The long-awaited end of the cash era hasn‘t come. Neither bank card or smartphone nor internet payments have been able to force out cash circulation and recent data shows that no state will have a cashless society in the near future.

According to a survey conducted by European Central Bank, as many as 79% of the population of the eurozone countries make payments by cash and only 19% by card. This means that smooth, fast, convenient and controlled cash flows remain crucial for the consumers, the businesses and the national and global economy.

Technology that helps prevent losses and risks

Today’s trends and consumer habits make it clear that cash is nowhere to be lost. Safe and convenient management of its flow remains one of the key challenges in curbing the shadow economy and ensuring stable growth. Cash involves a variety of risks, which are usually determined by the human factor. Banknotes and coins need to be counted, authenticated. It is difficult for cashiers to eliminate errors (intentional or unintentional) when performing these actions. In addition, cash management is time-consuming, and it is difficult to ensure security.

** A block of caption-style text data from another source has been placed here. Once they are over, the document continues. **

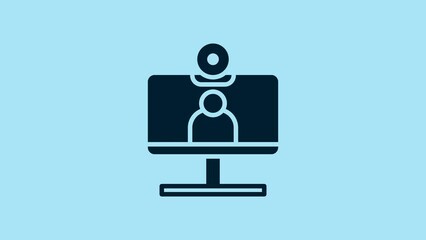 Poster - Blue Video chat conference icon isolated on blue background. Computer with video chat interface active session on screen. 4K Video motion graphic animation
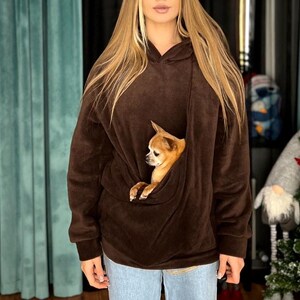 Fleece Brown Fabric Pet Carrier Hoodie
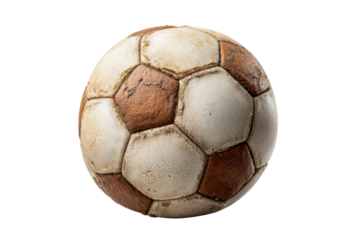 PNG Weathered vintage soccer ball with brown and white panels on black background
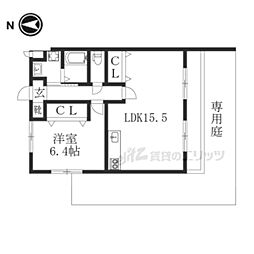阪急京都本線 桂駅 徒歩23分の賃貸マンション 1階1LDKの間取り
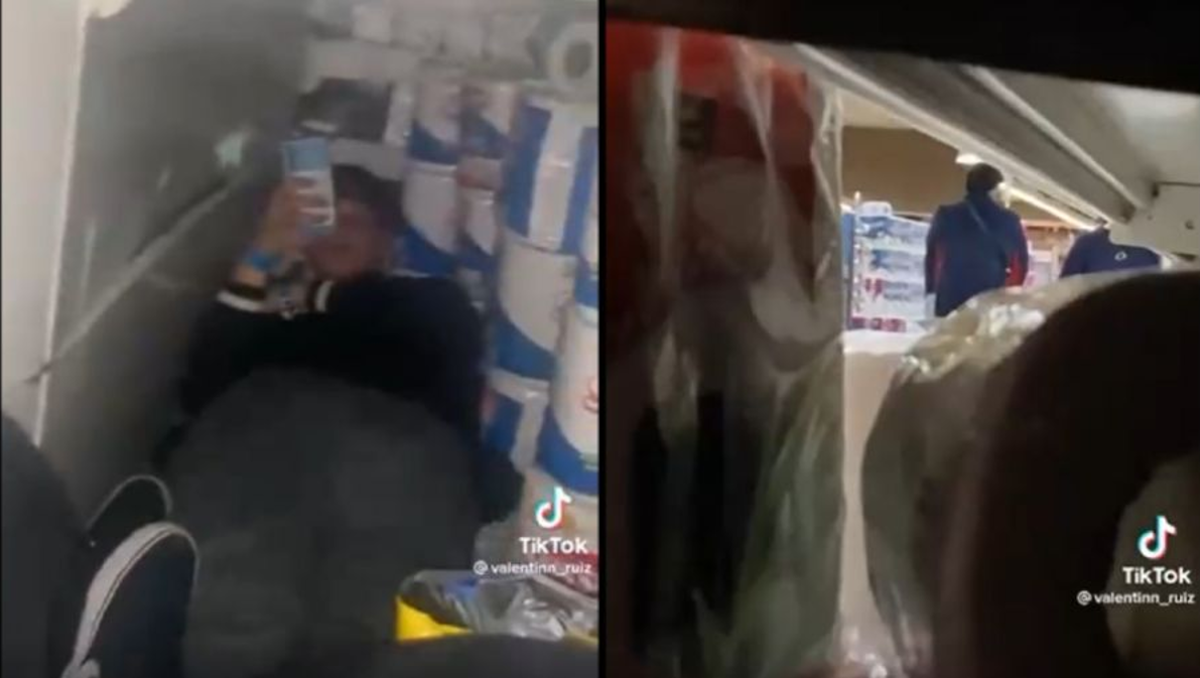 Dos jóvenes pasaron la noche dentro de un súper y lo filmaron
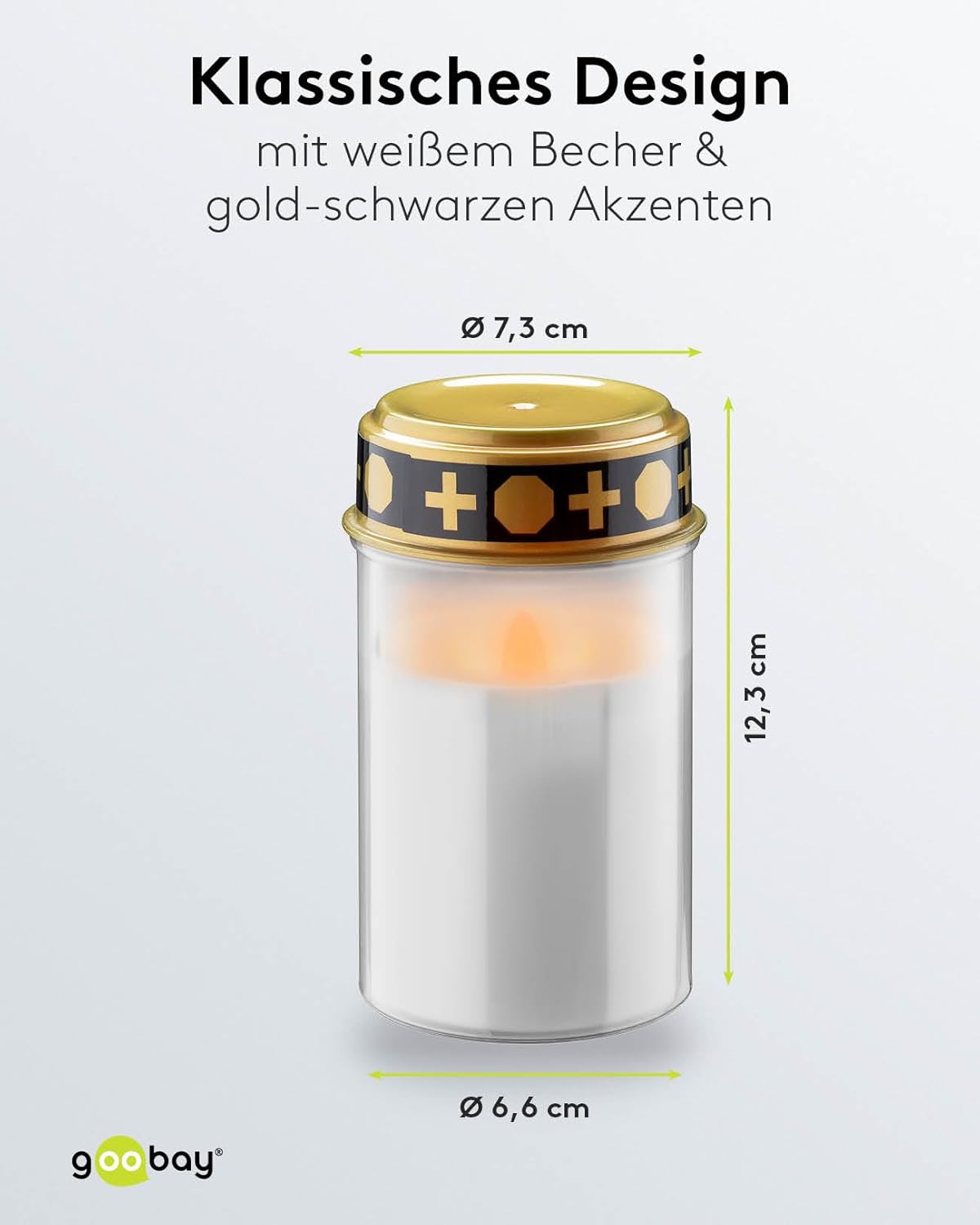 LED Grablicht mit Timer / Batteriebetrieben / LED Grabkerzen Outdoor / Friedhof Kerzen / Grablichter / Ewiges Licht / Grablampe / Weiß / Batterie 2x C/LR14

Today automated solutions can also effectively help cash-based trading or service organizations. Glory Cash Infinity, a cash management software recently introduced to the market, is a completely innovative and modern cash handling system that minimizes, and in some cases eliminates, the risks associated with using cash in the trading and service sector.

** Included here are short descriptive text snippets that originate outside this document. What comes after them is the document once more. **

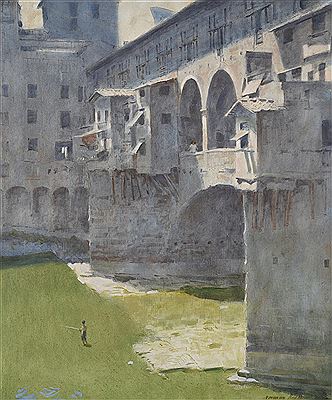 Boy fishing at the Ponte Vecchio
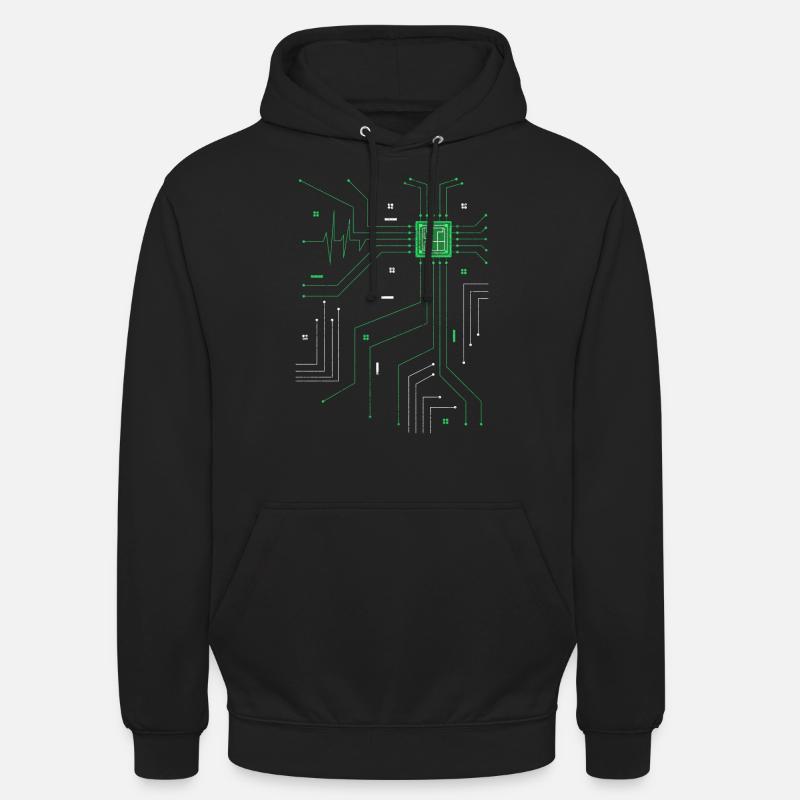 Admin Computer Herz Informatiker - Unisex Hoodie - Schwarz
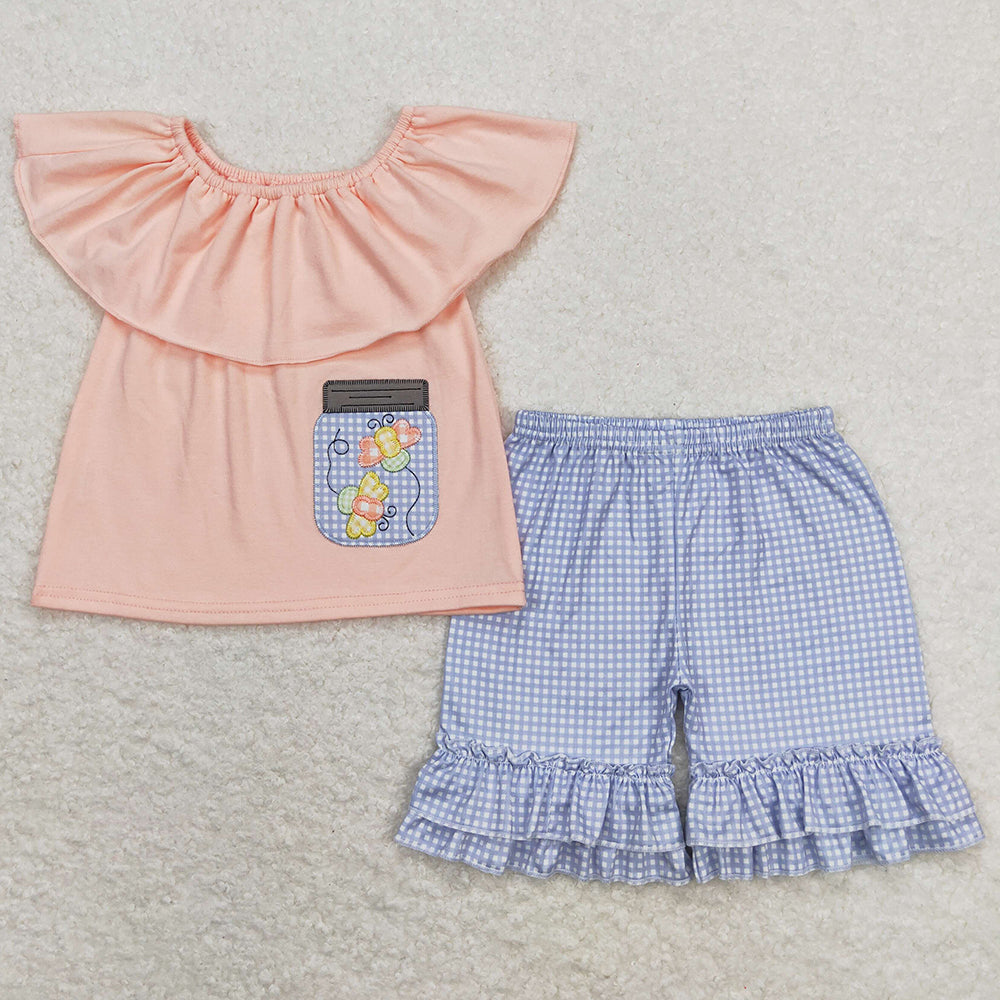 Summer Baby Girls Clothes Cotton Embroidery Boutique Shorts Sets GSSO0682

With the introduction of Glory CI cashiers no longer have to physically touch the money. The machine itself checks the authenticity of the banknotes, eliminating the risk of counterfeiting. All-day long cash is kept securely locked. The machines are far more resistant to external attacks, robberies, and theft than cash stored at the cash register. Thus, innovative equipment not only eliminates security and human error risks but also reduces costs to manage money and saves employees time.

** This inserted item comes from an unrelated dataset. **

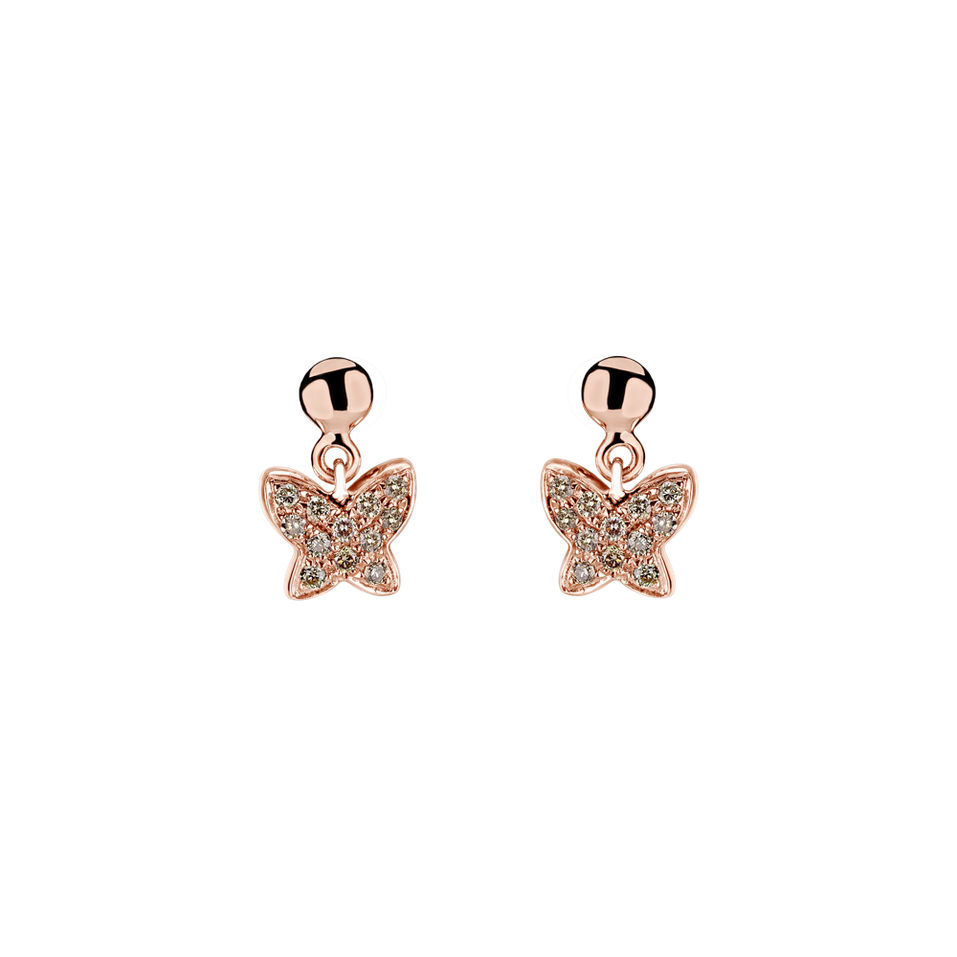 Earrings with brown diamonds Amazing Butterfly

Innovation to ensure smooth management is offered by Hansab UAB which has repeatedly introduced innovative solutions to the Lithuanian market. These technologies are launched in the Baltic region by Aibė as well as Apollo cinema in Estonia, Latvia, and Lithuania.

Convenient for business and for consumers

Glory CI operates on the principle of a closed money management system. The customer, who wishes to pay at the checkout for the goods, places banknotes and coins in the appropriate receivers of the machine. The system calculates the amount to be refunded and the customer withdraws it from the special cavity. The money in the machine goes into one of the money holding modules, which is stored until the end of the business day. In the most popular models, the CI-10 holds up to 1,350 banknotes that can be used for return or end-of-business transfer to a cash processing company. At the end of the business day, Glory CI transfers the money collected to a cash-in cassette, which, once unlocked, is transferred by the store employee to the CI-100 back office machine, which recalculates the money and provides the final daily income data.

Finally, the new technology allows to improve the quality of customer service: cashiers avoid problems and conflicts due to mistakes and the store employee can focus on the customer. The stylish and comfortable design of the device fits into different sizes of premises and its ease of use allows customers to shop faster.

A fast-paying future

Return on investment (ROI) estimates that investing in a Glory CI system can pay off over a 12 to 24 month period due to the significant reduction in cash management costs and losses. The data collected shows that the time spent on in-store cash management operations is reduced by up to 90%, the training time of new employees is significantly reduced and monetary losses due to human error are eliminated. Because the robust and external threat-proof machine keeps money safe, it also saves up to 70 percent on store security. As a result, this market innovation not only minimizes the risks of managing cash flow in a store but also reduces the time it takes and significantly reduces costs.